That result may not be all that shocking as many find that working part-time can be a good way to keep mind and body active, and many believe that working brings social benefits, too.
If you enjoyed your career and want to stick with, then it might be worthwhile to ask your employer if they would be open to you working part-time with a flexible schedule. Retirement could also be a great time to pursue work in a new field that relates to one of your lifelong passions.
Before you say yes to any job, however, you should be aware that there could be an impact to your Social Security benefits if you haven't yet reached full retirement age. If this applies to you, you should dig into the rules that govern earning an income while collecting benefits to see how it might affect you.
Matt Frankel: Delaying Social Security isn't a practical option for everyone, but if you can afford to do it, it could pay off in the long run. The vast majority (about 90%) of people sign up for Social Security at or before their full retirement age, and sometimes this is due to unavoidable factors, such as an unexpected job loss or a health problem that prohibits working. However, many people just take it as soon as they can.
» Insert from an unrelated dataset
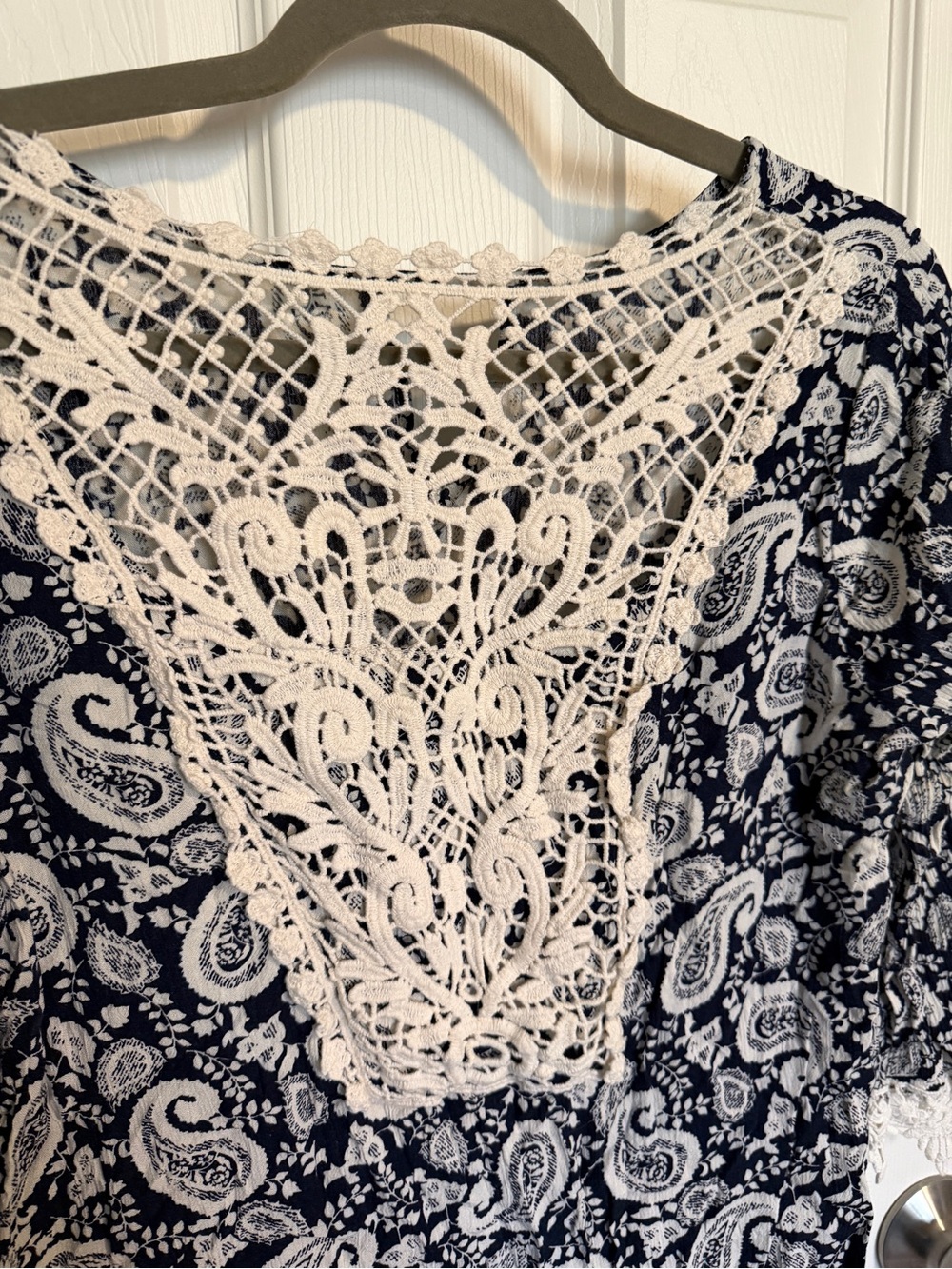 Magnolia South Paisley Boho Crochet Trim Blouse Top Size Large - Picture 7 of 8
The problem with taking Social Security early is that your benefits will be reduced -- for life. Claiming Social Security before normal retirement age (66 for those retiring now) reduces benefits be 6.67% per year for the first three years early and 5% per year beyond that. On the other hand, delaying Social Security beyond normal retirement age results in a permanent increase of 8% per year until age 70.
In other words, if your normal retirement benefit is calculated to be $2,000 per month, filing at age 62 would result in a reduction to just $1,500, while delaying until 70 would increase the payment to $2,640. This is a big difference. While I'm not saying that it's necessary or practical for most people to wait until the last possible minute, delayed Social Security can be a good place to start if you're concerned about your level of income in retirement.
Selena Maranjian: An appealing way to increase your income in retirement is via one or more annuities -- as long as you get the kind that serves you best. Annuities exist in several key forms – immediate vs. deferred (paying you immediately vs. starting at some point when you're older), fixed vs. variable (certain payouts vs. payouts tied to the performance of the market or part of the market), lifetime vs. fixed period (paying until death or paying for a certain span of time), and so on. Annuities can cover a single life or the lives of a married couple.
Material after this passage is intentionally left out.